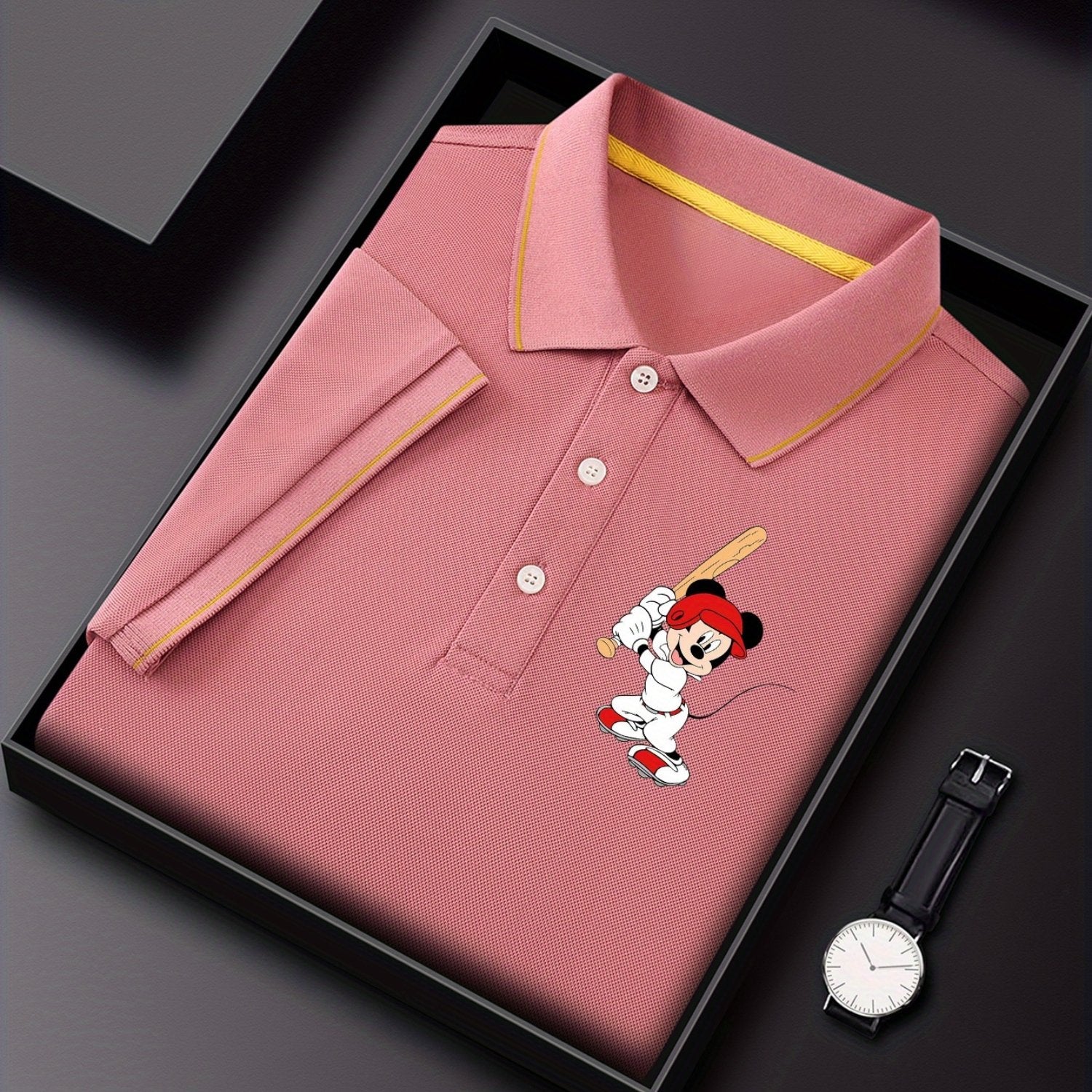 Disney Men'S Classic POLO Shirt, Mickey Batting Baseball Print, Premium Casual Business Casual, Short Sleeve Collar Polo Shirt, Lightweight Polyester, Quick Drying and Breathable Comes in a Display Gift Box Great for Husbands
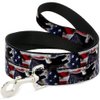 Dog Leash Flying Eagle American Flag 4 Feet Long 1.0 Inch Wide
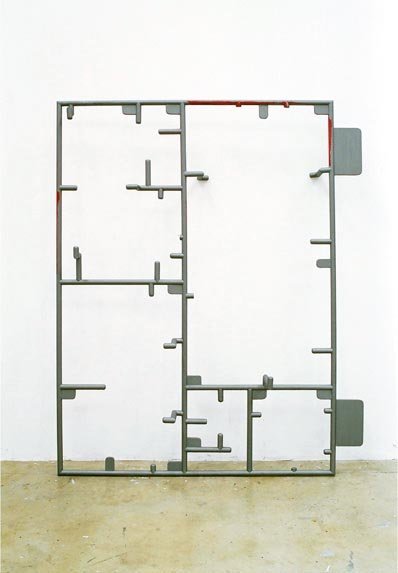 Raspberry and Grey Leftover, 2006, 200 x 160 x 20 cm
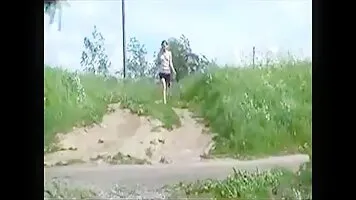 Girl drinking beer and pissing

§ **ASSIGNED TASK**
Word for word, restate all of the material, omitting the images.

§ **SOLUTION**
 Disney Men'S Classic POLO Shirt, Mickey Batting Baseball Print, Premium Casual Business Casual, Short Sleeve Collar Polo Shirt, Lightweight Polyester, Quick Drying and Breathable Comes in a Display Gift Box Great for Husbands
 Dog Leash Flying Eagle American Flag 4 Feet Long 1.0 Inch Wide
 Raspberry and Grey Leftover, 2006, 200 x 160 x 20 cm
 Girl drinking beer and pissing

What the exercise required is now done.